И как он просто лжет в своих донесениях, этот Горчаков! Отдавши Севастополь, он писал, что теряет каждый день по 2500 человек, а тут выходит, что в три или четыре дня последних потерял всего 3000 с чем-то.
Говорят, Горчаков хороший человек, нет, он не хороший человек, потому не отказался давно от начальства; если б он был добросовестный человек, то он не взял бы на себя такой ответственности; особенно он сам писал еще в начале войны, что он всегда несчастен, что все его действия неудачны. О, когда-нибудь тут откроется более намеренного, нежели случайного! Если не он сам, то окружающие его и высшие распорядители…

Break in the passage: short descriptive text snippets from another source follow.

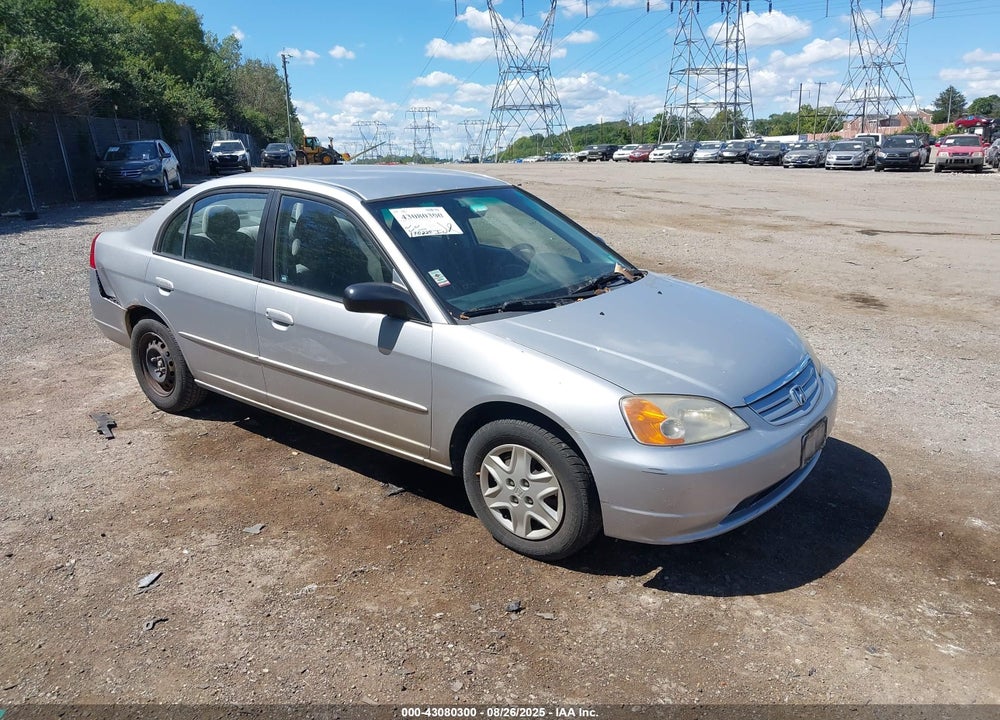 2003 HONDA CIVIC LX VIN: 2HGES16513H587805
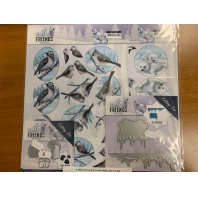 Pakket - Winter Friends - Amy Design no 2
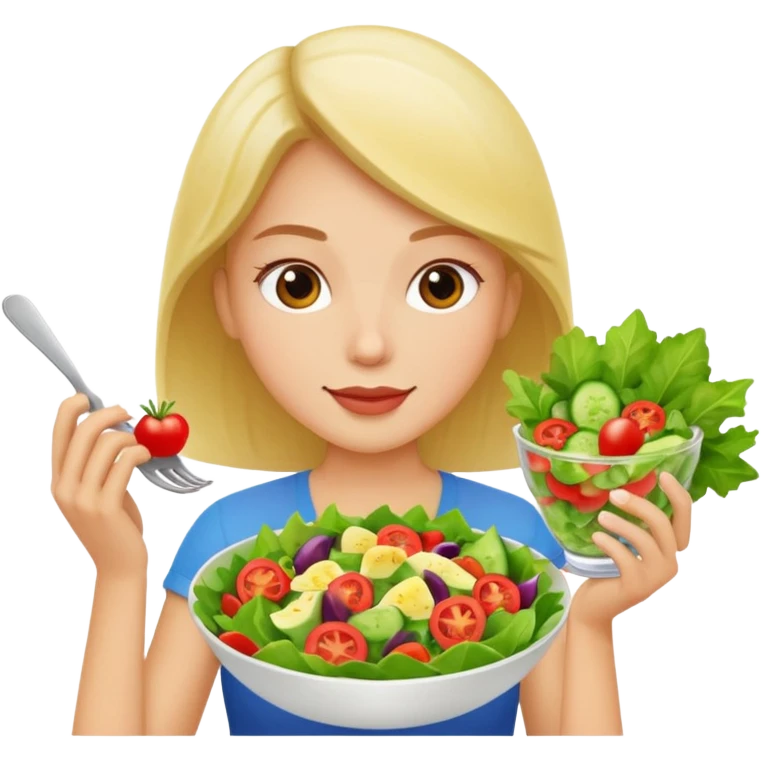 eating healthy emoji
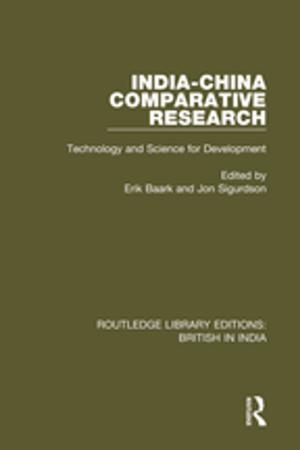 Cover of the book India-China Comparative Research by Badredine Arfi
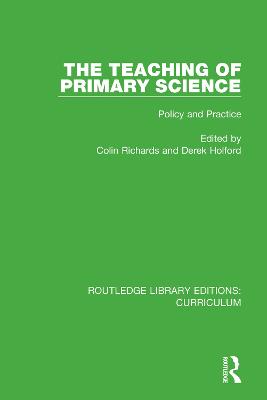 Teaching of Primary Science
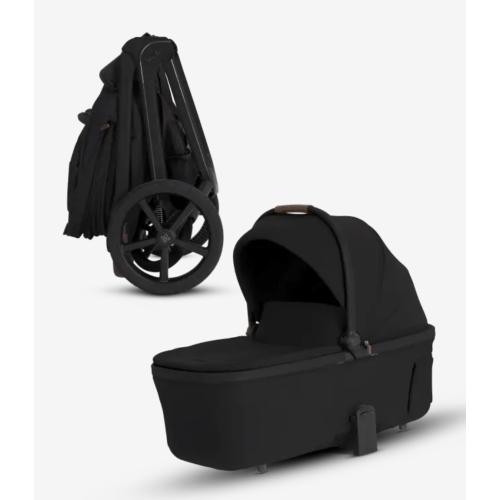 Silver Cross Cove 2 Compact Bassinet - Onyx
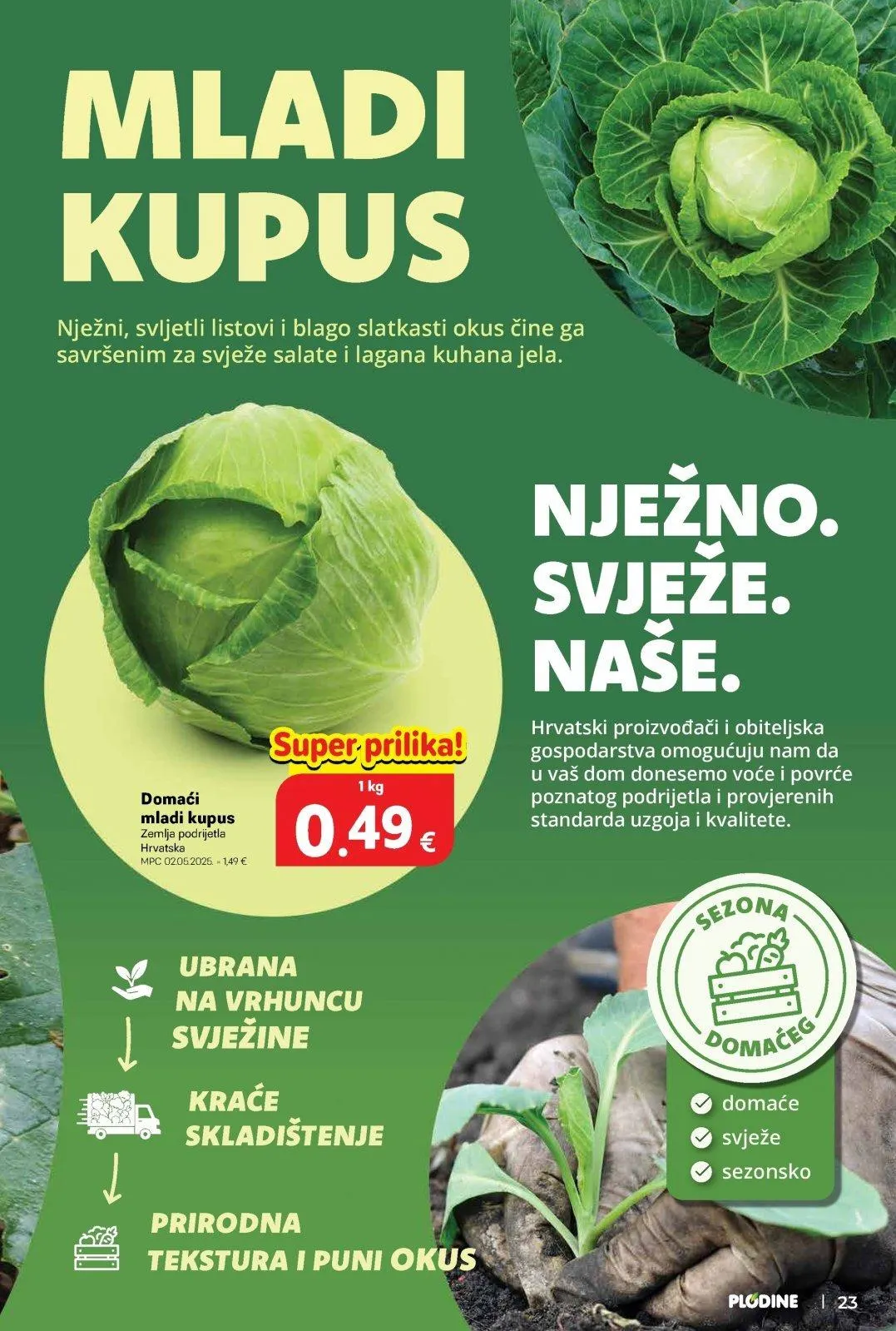 Katalog Plodine katalog do 23.06.2026 od 17. lipnja do 23. lipnja 2026. - Pregled Stranica 23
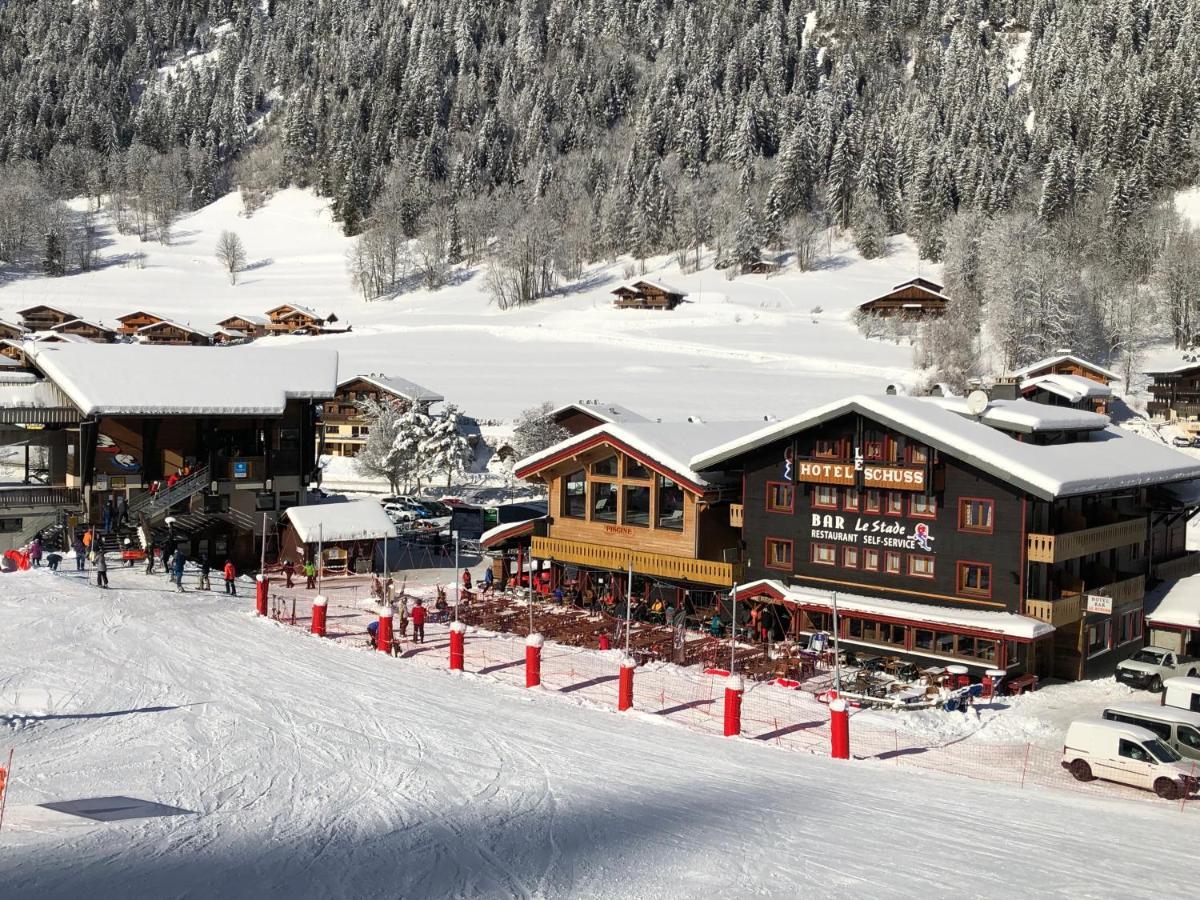Hotel Le Schuss Châtel Zewnętrze zdjęcie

На другой день Константин пошел вечером узнать в дом Самарина, не там ли его брат. Каково было его удивление, когда он нашел там Юрия Самарина, и каково было его поражение, когда тот сказал ему, что он идет в ополчение. Он не желал, разумеется, но был выбран и не захотел отказаться; меньшого же брата своего, скромного и молодого человека, он не хотел пустить вместо себя, потому что и в Оренбургской, и <в> Самарской губерниях уже получены предварительные бумаги об ополчении и что легко может достаться кому-нибудь из наших, особенно потому что дворян так мало в этих губерниях. Самарин совершенно убит настоящими событиями, ничего, разумеется, доброго не ожидает и говорит, что хотя не желал ополчения, но покоряется ему с мыслью, что будет, по крайней мере, чувствовать на себе также часть тягости общей. Он еще мечтал, что может принести какую-нибудь пользу, что это будет случаем сблизиться с народом, но когда Константин сообщил ему, что пишет Иван, как ратников искажают скоро все офицеры, какое вредное они имеют на них влияние, каковы сами офицеры, как в этой безобразной массе ничего не значит голос одного человека, – Самарин вполне согласился. Много они разговаривали, и неутешительные были их сообщения друг другу. Самарин не ожидает ничего ни от кого. Самарин вскочил с места, когда Константин подтвердил ему слух (которому Самарин не хотел верить), что австрийскому эрцгерцогу дан полк! Приехал в Москву князь Васильчиков, который говорит, что бомбардирование было невыносимо, что у Горчакова бывают прекрасные мысли, но что его сбивает Коцебу, который и вор, и трус. (Видимо, что Васильчиков старается защитить Горчакова, но не все ли равно, или даже для всех нас не хуже ли, что Горчаков благонамеренностью своею прикрывает мошенника.) Курское ополчение сражалось отчаянно топорами и из двух дружин много выбыло народу. Самарина брат ранен навылет в обе ноги; это счастливо, а брату Лидии Воейковой (молодой человек, 18 лет) должны были отнять ногу. Ужасно, ужасно!